Any changes the Legislature makes to the state’s emergency response processes should consider how Idahoans will be impacted during FUTURE emergencies. We need to look forward.

Let’s do this the right way and involve stakeholders in the solution. That’s what Idahoans deserve.

I urge my partners in the Legislature who voted for these ill-conceived bills to reconsider their votes on the override, and I urge Idahoans to share their concerns with their legislators as well.

Now, I am proud to say that all of Idaho’s living Governors stand with me in support of my veto of these bills. Governor Phil Batt and Senator Jim Risch, also a former Governor, have provided statements of support. In addition, Governor Butch Otter is here with me today and Governor Dirk Kempthorne will offer some words remotely. I appreciate all our former Governors for your supportive statements today. The people of Idaho need to hear what you have to say.

My friends, the level of divisiveness is too high.

The basic duties of the legislative body – perhaps better characterized as the everyday functions of state government and the most important in the day-to-day lives of the people we serve – have taken a back seat to fringe topics.

Anger has dominated the dialogue and, as a result, the REAL work the people sent us here to do is impacted. Anger is the wrong reaction in these troubled times. Anger drives people apart during a time when we should be working together to heal and move forward.

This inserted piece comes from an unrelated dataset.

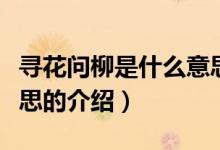 尋花問柳是什么意思（關于尋花問柳是什么意思的介紹）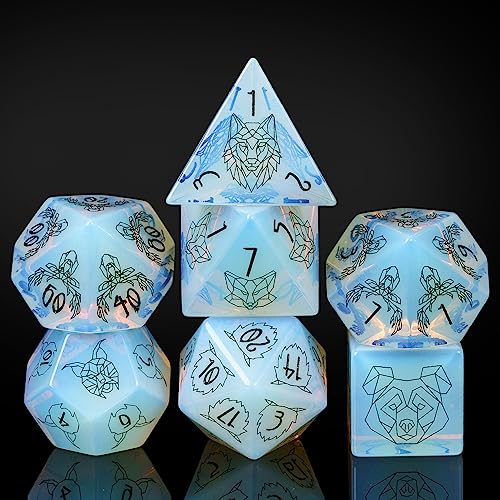 UDIXI Opal Stone DND Dice Set 7PCS Gemstone Dice Set DD with Gift Case for Tabletop Games Beast Pattern - Image 5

Rather than politicizing important issues, such as the state’s response during future emergencies, I invite us to work together on solutions.

It’s time to get back on track. The people of Idaho deserve our best.

Our common goal is to create the best possible opportunities for us, our children, and our grandchildren. Let us return to addressing pathways to safety and economic prosperity for this and future generations.

We will continue to update both sides of the story as it develops.